The poet was initially drawn to them out of convenience. Established publishers had rejected him, but the Hartleys were enthusiastic about his work.

The different backgrounds proved awkward at first, especially given that Larkin's father, Coventry's Nazi-admiring city treasurer, passed on some (but not all) of his right-wing instincts.

Mrs Hartley recalls an early stand-up row about politics.

"I remember shouting at him: 'My mother was a servant and I'll have to vote Labour because they're the people who have got my interests at heart.'

"And then I suddenly realised that neither of us were really interested in politics. We were both giving our gut reactions that we'd inherited from our different class backgrounds."

The pair found common ground in poetry.

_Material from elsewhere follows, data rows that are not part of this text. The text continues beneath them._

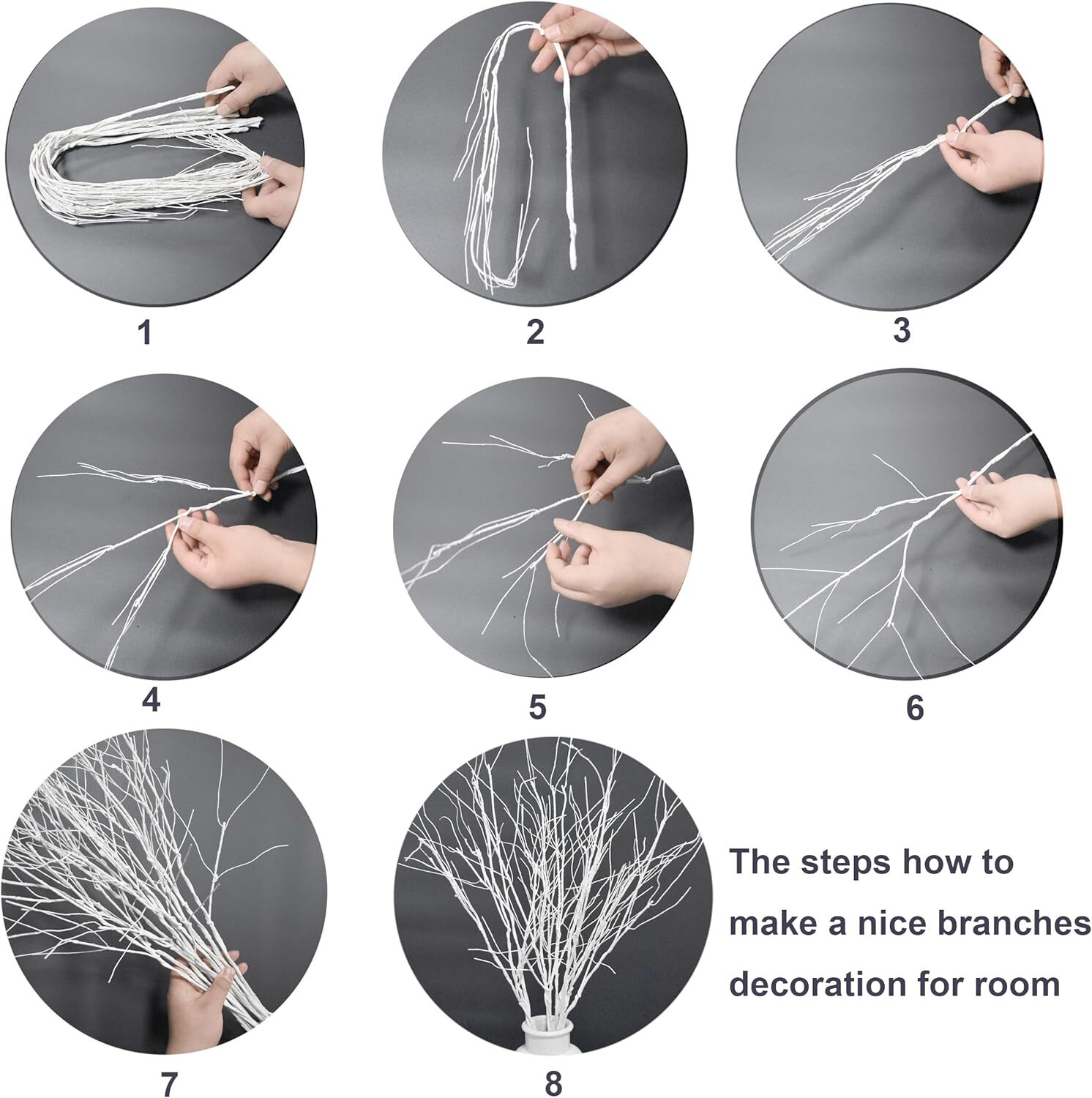 10 PCS Artificial Branches Curly Willow Branches Olive Branches for Vases30.7…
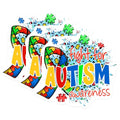 (3 Pack) Autism Awareness Decals - Puzzle Ribbon Decals - Fight for Autism Decal - 3 Inches On Longest Side - Easy Peel & Apply - Made in USA - 3MCS7940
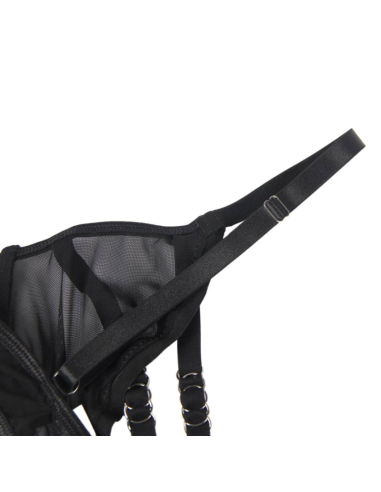 Subblime Set Due Pezzi Di Reggiseno Trasparente E Strisce S/M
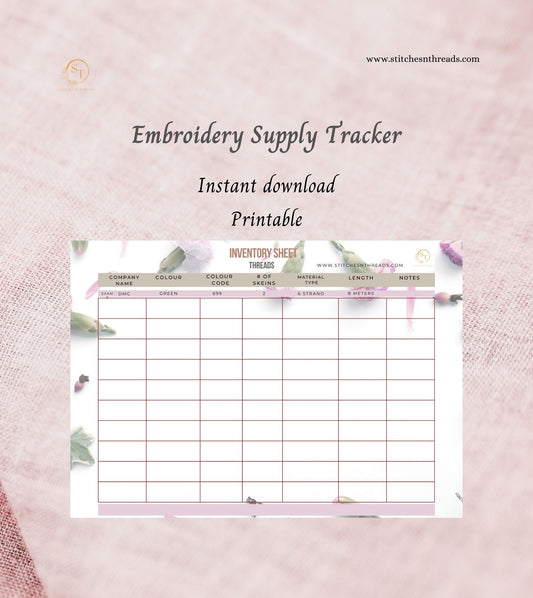 Keeping Your Embroidery Supplies Tracked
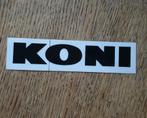 Sticker KONI transparant, 14x3,5 cm, Verzamelen, Ophalen of Verzenden, Nieuw, Overige typen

Unsolicited, Larkin had submitted three poems to Listen with no knowledge of its owners or origins.

"They were completely different from anything we'd seen before," Mrs Hartley explains. "They had the speaking voice there that was immediately understandable.

"They did have levels and depths, but they were perfectly accessible on one reading and that was so refreshing."

The couple were so impressed that they invited Larkin to release the first book from their home-spun publishing house, The Marvell Press.

Image caption,

Larkin died on 2 December 1985 at the age of 63

Titled The Less Deceived, the poetry collection emerged in 1955 and gradually became a literary sensation, establishing Larkin as one of the UK's finest writers.

And the visits to the Hartleys' home continued.

"We all had a lot in common, not least on the literary front," Mrs Hartley says.

"If the weather was good we'd go out for a walk. Otherwise we just talked. And he was so funny. He was the funniest man I've ever met.

"Even when he was enveloped in gloom over some illness or mishap, he managed to make it sound absolutely hilarious."

Mrs Hartley has published her own account of her friendship with Larkin, which has been turned into a stage show.

The poet could also be loyal and generous, she recalls.

"He helped me out financially when I left George and was a single parent and a student," she says. "He opened a book account for me.

Image caption,

Jean Hartley's story has been turned into a book and a stage show. Photo: Larkin25/Dennis Low

"If he was with you, then he was interested in you. He wasn't telling you about his triumphs and his successes. In fact he never mentioned them.

"He was talking about what you wanted to talk about and your concerns."

After Larkin died in 1985, the publication of his letters, followed by a biography by his friend and fellow poet Andrew Motion, gave the world a candid and often unflattering insight into his inner life.

They laid bare his "hostility to women" (as Motion put it), his often lewd sexual thoughts, the unreconstructed right-wing views and his ugly prejudices.

"It was shown recently that one child in eight born now is of immigrant parents," he wrote to his mother in 1970. "Cheerful outlook, isn't it? Another 50 years and it'll be like living in bloody India."

'Foul-mouthed bigot'

As a result, the national treasure was irrevocably tarnished.

Peter Ackroyd described him as a "foul-mouthed bigot", while AN Wilson dismissed him as "a kind of petty bourgeois fascist" and a "nutcase".

A quarter of a century after his death, his supporters have been attempting to rehabilitate his public image.

A statue was unveiled in Hull on Thursday, the climax of a five-month festival organised by the Philip Larkin Society, of which Jean Hartley is a founding member.

His views should be put into historical context, she believes.

"It's partly a matter of when he was born - 1922," she says. "You think of the kinds of class attitudes, race attitudes, sex attitudes that he would have inherited.

"There are traces of all of those but they never had any sort of influence over the way he behaved with people, whoever they were, whatever their colour."